Many types of risk can keep solar and storage project developers up at night. One is the potential threat of natural disaster. As we’ve seen in recent years, the warming climate is associated with more frequent and stronger hurricanes, floods, hailstorms, and wildfires, which can imperil the very clean energy projects working to slow climate change in the first place.

Such disasters have already reshaped the insurance industry in recent years. A major disruption in the solar insurance market occurred in 2019, when a particularly violent hailstorm in Pecos County, Texas, damaged more than 400,000 solar panels at the 178 MW Midway Solar Project. As pv magazine USA reported at the time, insurers began offering specific hail-related policies.

Then came the 2020 wildfire season in California, damaging two projects in Rosamond and one in Bakersfield, which was enough to result in large claims.

Electricity offtake agreements typically include “force majeure” clauses to cover catastrophic natural disasters, but even if an event is covered in a contract’s force majeure definition, there may still be challenges. First, it can be complicated to prove what damage was caused by the event rather than prior transportation, installation, and wear-and-tear incidents. Secondly, successful force majeure claims often still lead to significant financial loss. While it may be possible to receive relief from the provisions of the offtake agreement, the insurance proceeds are often not enough to cover the repairs to damaged equipment.

It’s critical to have clarity on what’s covered by force majeure clauses and insurance policies. With more severe hailstorms, tornadoes, hurricanes, flooding, and wildfires on the horizon, what other steps can developers take to mitigate the damage when disaster strikes?

Local knowledge

Mitigating natural disasters starts with knowing the site and adding a safety cushion around its particular risks. This could mean raising ground-mount racking higher than the code minimum level in the flood-prone US Midwest or prioritizing your vegetation strategy in the wildfire-prone West of the United States to minimize damage if a fire breaks out.

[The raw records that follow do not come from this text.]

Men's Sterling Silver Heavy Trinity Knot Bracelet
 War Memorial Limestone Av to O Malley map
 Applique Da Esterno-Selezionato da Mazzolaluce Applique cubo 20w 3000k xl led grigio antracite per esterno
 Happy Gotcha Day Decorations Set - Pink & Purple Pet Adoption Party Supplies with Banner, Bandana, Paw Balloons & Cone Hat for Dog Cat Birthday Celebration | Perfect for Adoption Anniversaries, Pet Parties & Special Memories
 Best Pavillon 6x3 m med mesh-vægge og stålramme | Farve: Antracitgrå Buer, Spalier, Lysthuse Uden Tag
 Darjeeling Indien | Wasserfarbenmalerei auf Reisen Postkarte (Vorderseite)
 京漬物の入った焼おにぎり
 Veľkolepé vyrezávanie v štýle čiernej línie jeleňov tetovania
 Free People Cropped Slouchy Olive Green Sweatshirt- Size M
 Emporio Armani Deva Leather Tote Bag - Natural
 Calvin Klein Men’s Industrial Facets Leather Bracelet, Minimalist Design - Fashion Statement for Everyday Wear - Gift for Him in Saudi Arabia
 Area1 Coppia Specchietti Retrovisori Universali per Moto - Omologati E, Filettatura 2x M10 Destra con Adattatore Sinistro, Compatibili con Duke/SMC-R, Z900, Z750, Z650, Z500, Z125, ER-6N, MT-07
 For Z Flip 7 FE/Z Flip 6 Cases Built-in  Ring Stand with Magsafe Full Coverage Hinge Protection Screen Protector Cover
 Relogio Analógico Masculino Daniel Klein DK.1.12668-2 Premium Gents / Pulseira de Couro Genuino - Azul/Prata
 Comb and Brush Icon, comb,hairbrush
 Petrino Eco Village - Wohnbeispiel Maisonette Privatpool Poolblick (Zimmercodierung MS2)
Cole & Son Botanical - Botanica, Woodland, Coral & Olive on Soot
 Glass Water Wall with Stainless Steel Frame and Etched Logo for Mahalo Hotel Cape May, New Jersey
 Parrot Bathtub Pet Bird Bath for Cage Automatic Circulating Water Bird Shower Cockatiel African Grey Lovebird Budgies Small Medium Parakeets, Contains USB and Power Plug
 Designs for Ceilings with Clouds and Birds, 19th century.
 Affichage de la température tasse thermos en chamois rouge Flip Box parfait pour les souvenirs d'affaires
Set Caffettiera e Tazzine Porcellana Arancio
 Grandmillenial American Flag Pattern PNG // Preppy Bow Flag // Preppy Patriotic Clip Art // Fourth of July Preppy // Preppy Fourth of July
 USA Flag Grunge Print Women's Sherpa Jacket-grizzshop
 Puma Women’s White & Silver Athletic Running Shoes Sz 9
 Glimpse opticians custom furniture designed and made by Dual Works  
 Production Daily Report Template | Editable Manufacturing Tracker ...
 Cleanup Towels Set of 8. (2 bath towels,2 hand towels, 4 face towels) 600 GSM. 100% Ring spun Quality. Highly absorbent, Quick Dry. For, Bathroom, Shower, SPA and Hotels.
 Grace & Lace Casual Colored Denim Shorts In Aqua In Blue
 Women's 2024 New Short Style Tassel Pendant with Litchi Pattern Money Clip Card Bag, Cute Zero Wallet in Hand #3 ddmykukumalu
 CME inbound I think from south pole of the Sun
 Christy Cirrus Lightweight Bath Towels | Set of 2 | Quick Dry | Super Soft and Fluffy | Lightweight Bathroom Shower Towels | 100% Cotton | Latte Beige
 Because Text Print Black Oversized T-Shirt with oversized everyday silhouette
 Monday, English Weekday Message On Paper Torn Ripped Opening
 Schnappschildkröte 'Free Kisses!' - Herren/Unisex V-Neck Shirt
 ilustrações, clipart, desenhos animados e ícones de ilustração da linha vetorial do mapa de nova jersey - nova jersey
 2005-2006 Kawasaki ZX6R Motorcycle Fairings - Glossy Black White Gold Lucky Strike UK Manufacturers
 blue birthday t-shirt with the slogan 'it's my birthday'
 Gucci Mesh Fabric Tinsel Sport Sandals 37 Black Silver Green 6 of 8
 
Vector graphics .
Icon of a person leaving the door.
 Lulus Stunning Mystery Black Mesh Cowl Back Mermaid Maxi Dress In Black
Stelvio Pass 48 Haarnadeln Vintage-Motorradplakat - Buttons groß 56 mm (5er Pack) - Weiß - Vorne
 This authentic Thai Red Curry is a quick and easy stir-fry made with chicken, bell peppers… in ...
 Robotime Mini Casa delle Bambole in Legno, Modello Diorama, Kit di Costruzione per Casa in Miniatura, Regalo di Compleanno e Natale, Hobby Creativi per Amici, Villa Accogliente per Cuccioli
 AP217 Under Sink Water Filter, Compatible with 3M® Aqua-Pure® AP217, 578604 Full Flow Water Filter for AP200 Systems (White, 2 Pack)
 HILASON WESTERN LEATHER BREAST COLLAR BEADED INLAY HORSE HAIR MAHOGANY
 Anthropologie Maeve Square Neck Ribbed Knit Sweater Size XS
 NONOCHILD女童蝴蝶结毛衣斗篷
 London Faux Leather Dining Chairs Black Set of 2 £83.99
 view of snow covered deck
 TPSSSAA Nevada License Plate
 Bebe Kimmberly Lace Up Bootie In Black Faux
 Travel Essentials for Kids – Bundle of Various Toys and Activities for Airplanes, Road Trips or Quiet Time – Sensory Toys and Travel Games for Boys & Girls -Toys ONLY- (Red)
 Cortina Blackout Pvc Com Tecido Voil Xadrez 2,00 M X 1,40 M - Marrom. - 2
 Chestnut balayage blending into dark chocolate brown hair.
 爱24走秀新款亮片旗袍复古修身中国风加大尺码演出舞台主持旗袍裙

For a success story, consider the 75 MW solar plant powering Babcock Ranch in Florida, 12 miles from where Hurricane Ian made landfall outside Fort Myers earlier this year. Built in 2018 with climate resiliency in mind, its design exceeded even Florida’s stringent building codes. As a result, the plant weathered a near-category five storm with no damage and was able to return power to the community long before the overall grid was restored.

Component selection

Another best-practice move is to become intimately familiar with the limits and capabilities of the equipment you’re using. Many of today’s biggest US solar projects are being built in the corridor that connects West Texas up through Colorado, where extreme hail events are becoming more frequent.

The certification process for modules involves an ice ball or hail test but not all assessments are equal and the tests may not replicate harsh real-world conditions. For a project in a hail-prone region, it may be worthwhile to prioritize a manufacturer that exceeds the minimum requirements.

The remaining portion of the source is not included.